Quando fizemos “A vida é cheia de som e fúria” levamos milhares de jovens pela primeira vez ao teatro. Esse público nos segue desde então por repertórios mais complexos e sofisticados, como “Não sobre o amor”, “Temporada de gripe” e até em óperas como “O castelo do Barba Azul”, ou no cinema (”Insolação”). Nesses trabalhos, tentamos nublar as fronteiras entre as artes. Literatura, cinema, artes plásticas, teatro, arquitetura. A música nos ajudou. Ela é a arte com o menor tempo de mediação intelectual. Mesmo a bela dodecafonia de Schoenberg não consegue afastá-la de nós. Acredite, podemos ouvi-la como ouvimos Sex Pistols. E podemos ouvi-los como ouvimos Nelson Cavaquinho. Assim como podemos ler Thomas Pynchon (um grande amante da música pop) ou Kierkegaard (um grande amante) e listas de almanaques. As únicas fronteiras são as que nós mesmos levantamos. Superar nossa própria defesa é o plano mais saudável.
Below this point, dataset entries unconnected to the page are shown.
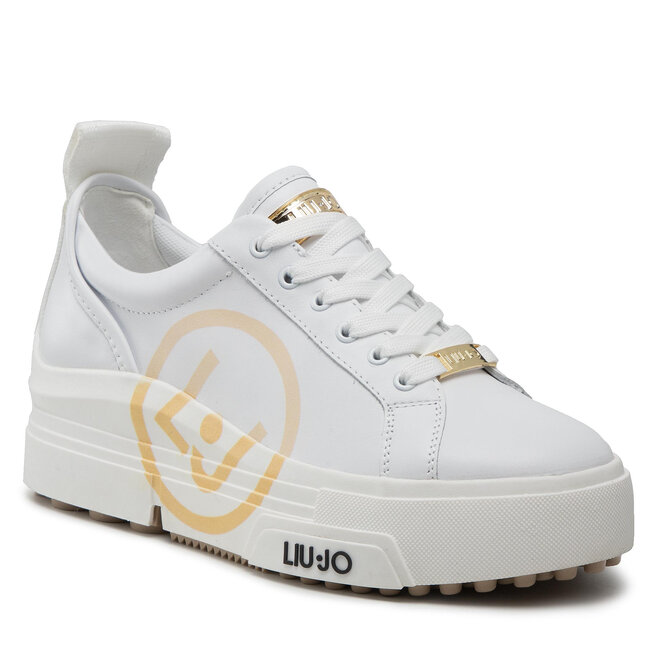 Sneakers Liu Jo Hero 06 BA2099 P0102 White/Gold 03D05 03D05 imagine noua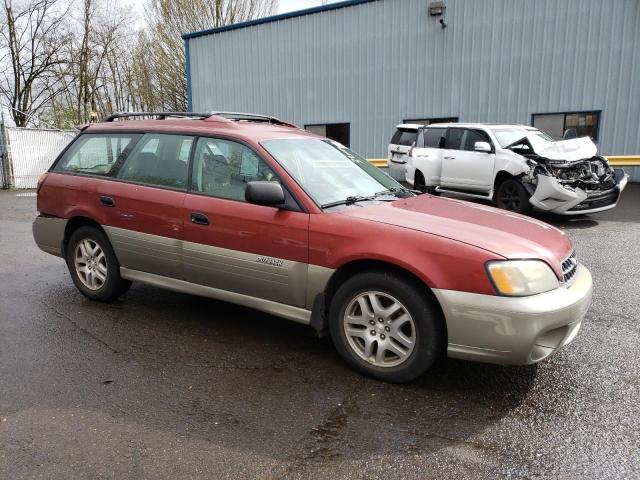 4S3BH675247630847 - 2004 SUBARU LEGACY OUTBACK AWP 勃艮第红 照片 4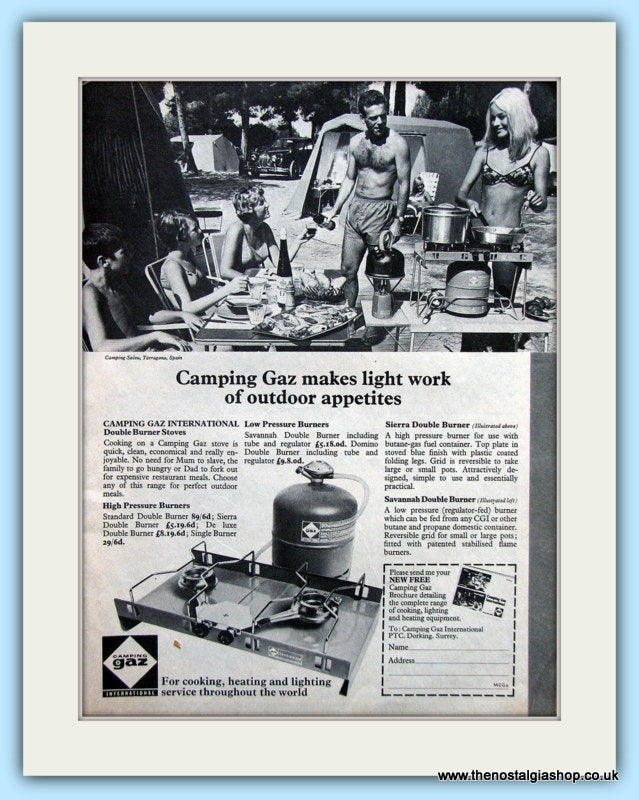 Camping Gaz For Cooking Original Advert 1960's (ref AD6365)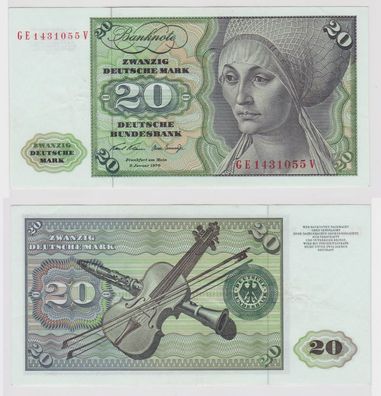 T115557 Banknote 20 DM Deutsche Mark Ro. 271b Schein 2. Jan. 1970 KN GE 1431055 V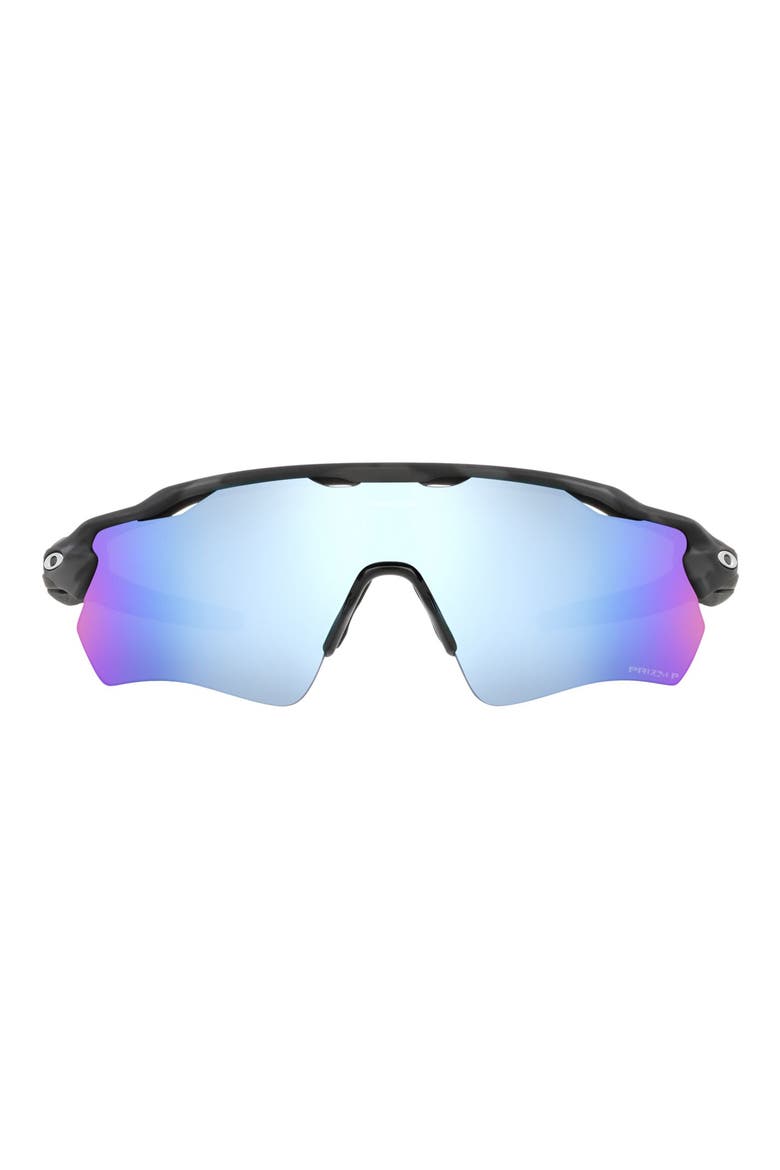 Radar® EV Path® 138mm Prizm™ Wrap Shield Sunglasses, Main, color, RUBBER BLACK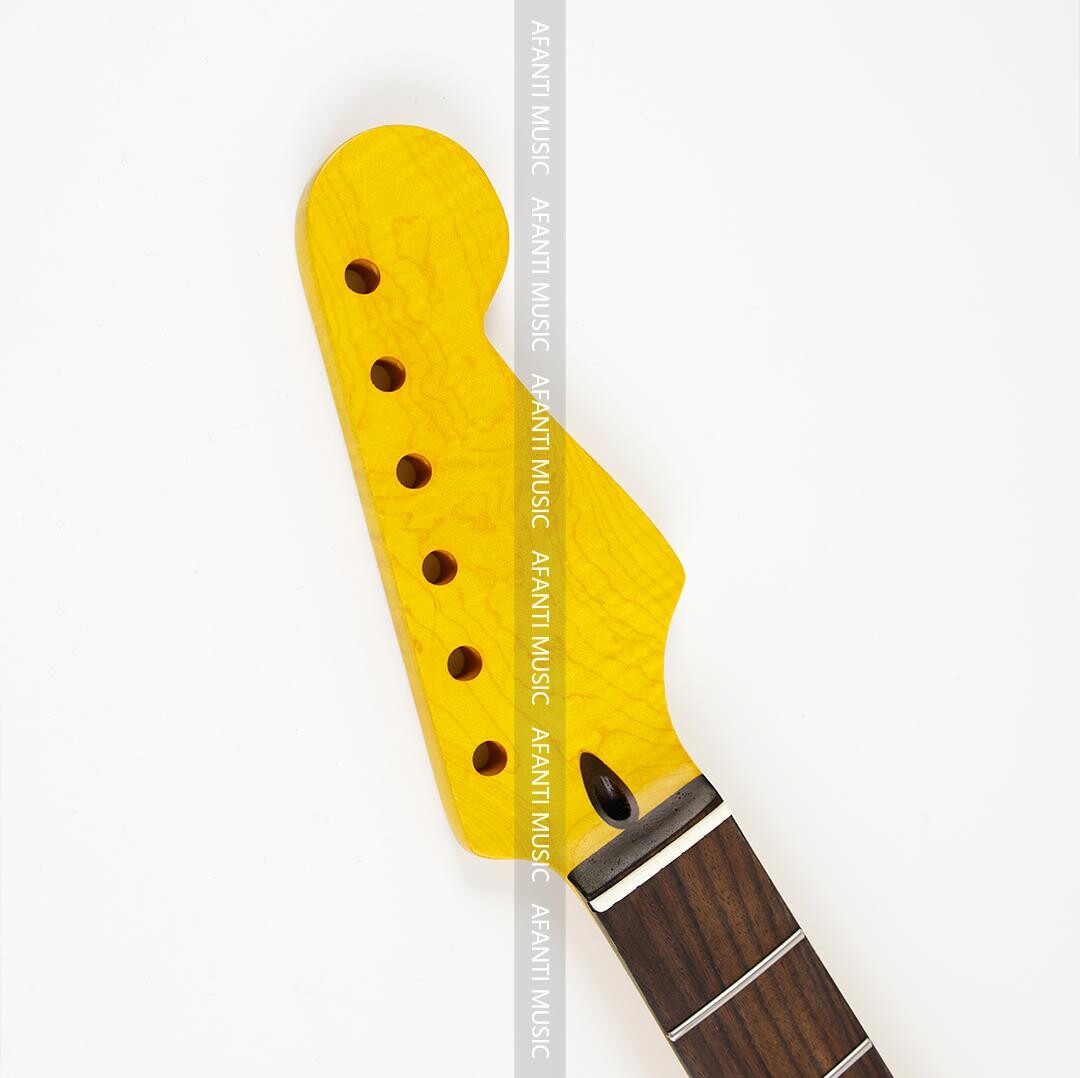 Afanti 22 Frets Flamed Maple ST Style Guitar Neck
Paulo Leminski dizia que as pessoas sem imaginação estão sempre querendo que a arte sirva para alguma coisa. Não enxergam que a arte é a única chance que o homem tem de vivenciar a experiência de um mundo além da necessidade. O poeta curitibano dizia que um país pobre não pode desprezar nenhum repertório. Muito menos os repertórios mais difíceis de aceitar à primeira vista. Comece hoje pelo final. É o último dia do ano. Você não tem mais dias a perder. Comece por Morton Feldman — “Crippled symmetry”. Um dia nós nos reencontraremos e falaremos mais sobre isso.